The only thing remotely understated in "2 Guns" is the title. The good, the bad, and the ugly—in the form of DEA agents, naval intelligence officers, drug cartels and low life thugs—run around with weapons of all shapes and sizes, killing people for kicks and grins and money. This is all to say that there are way more than two guns in this film directed by Icelander Baltasar Kormakur ("Contraband," "101 Reykjavik").
Based on a script written by Blake Masters, who adapts the material from the "Boom!" graphic novels by Stephen Grant, Kormakur sets up his characters during a funny scene in a diner, then puts them through a stickup that goes disastrously wrong. Most of the movie deals with its bloody aftermath.
The happiest trigger fingers belong to Robert "Bobby" Trench (Denzel Washington) and Michael "Stig" Stigman (Mark Wahlberg). They partner together to rob a bank holding $3 million dollars of drug-cartel money—or so they think. Their partnership falls apart, comes back together, falls apart, and so on, like Sisyphus pushing a rock up the mountain and then being rolled over by the rock before reaching the peak and doing it all over again.
Bobby is the cool cat. He's got gold-plated teeth, diamond earring bling and walks like he owns the world. He keeps calm and cool even when he's shot after a deal gone bad or when a bad man named Earl (Bill Paxton) points a gun at his man parts and plays Russian roulette. Bobby's tough but suave. He's an undercover DEA agent trying to bag Papi Greco (Edward James Olmos), a mysterious cartel figure who dresses like Don Juan, owns a mean, nasty black bull and beats people with baseball bats after drenching his hands in his own urine. That's creative?

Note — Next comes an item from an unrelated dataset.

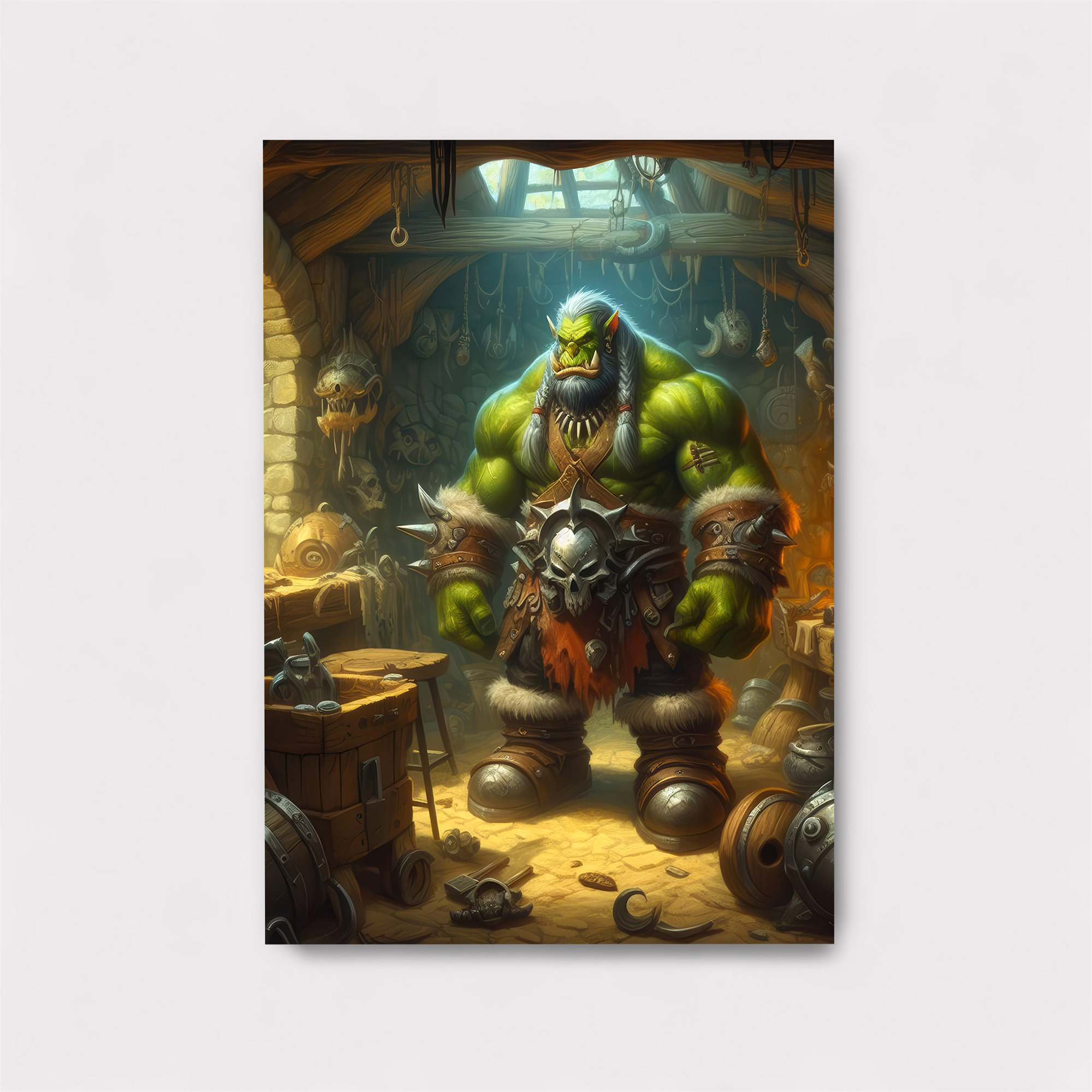 Thrall Resolute Safe Wall Magnetic / M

Stig is more junkyard dog. He woes diner waitresses with a wicked wink, chomps his gum before mealtime and shoots to kill. His aim is always true except when he wants to miss, which is almost never, but there is one pivotal moment where he does so. He's U.S. Navy intelligence on a top- secret mission.
The opening scene features the all-American diner that serves the best donuts in a three-county radius. It's one of those places where the tables are Formica and the waitresses write your order on a green-and-white guest check. Stig and Bobby argue, joke and b.s. each other. The movie feels like it's going to be terrific, but the script doesn't have much curiosity about these guys.

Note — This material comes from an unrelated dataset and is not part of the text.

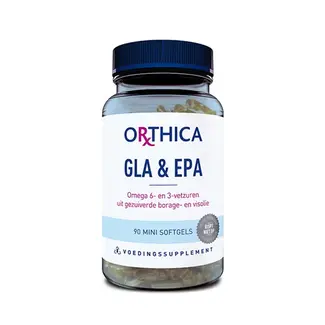 Orthica GLA & EPA - 90 softgels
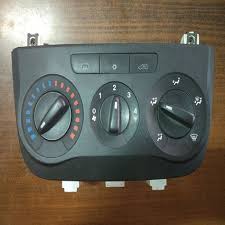 Fiat Grande Punto Klima Kumanda Paneli Manuel 2006 2012 Arac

When Bobby and Stig are together and flare up, their words burst out impatiently, spasmodically. In one scene, Bobby asks, "What's your plan?" And Stig replies: "I got a plan. I mean, I'm capable of coming up with a plan."

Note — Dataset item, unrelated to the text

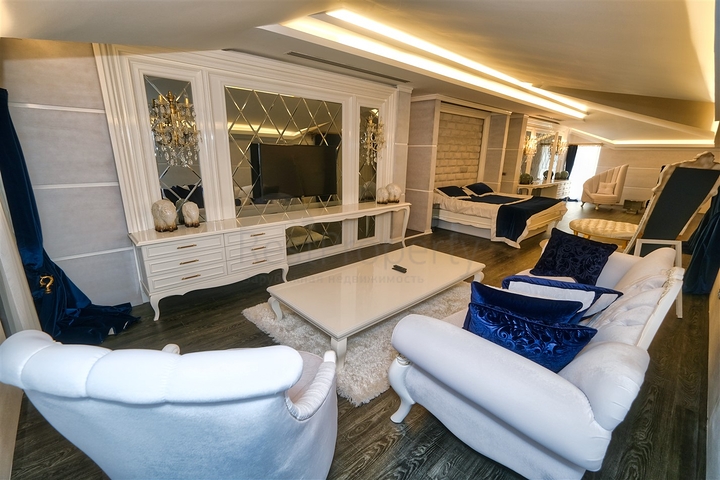 Luxury villas in Kemer Antalya area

Bobby shoots back: "I'm not saying you're not capable. I'm just saying you haven't told me. What is it?"
"I'm still working on it," Stig replies.
Stig and Bobby have similar temperaments, and they're helplessly unable to be calm and rational with one another. These guys ignite each other into senseless violent acts. We are treated with them racing trucks and jeeps, wrestling and punching each other silly and, by the end, we understand that they're just playing. They are brothers or, as Stig says, "Ebony and ivory." They live together in perfect disharmony.
The obligatory girl in "2 Guns"—the one in every buddy-cop film who wears the sexy bra and panty set—is Bobby's DEA handler, Deb (Paula Patton). She buffers Bobby from their commanding officer (Robert John Burke), who's going to pull the plug on a three-year undercover operation until Bobby fibs and says that Little Toro is on the verge of flipping. Little Toro is actually dead, with his head in a bowling bag.
The film culminates in a Mexican standoff in Mexico. It's a fitting conclusion to a "Lethal Weapon" wannabe. There's nothing really lethal in this film. It's just pretend. But Washington and Wahlburg elevate the schlocky material to barely watchable and at times, funny.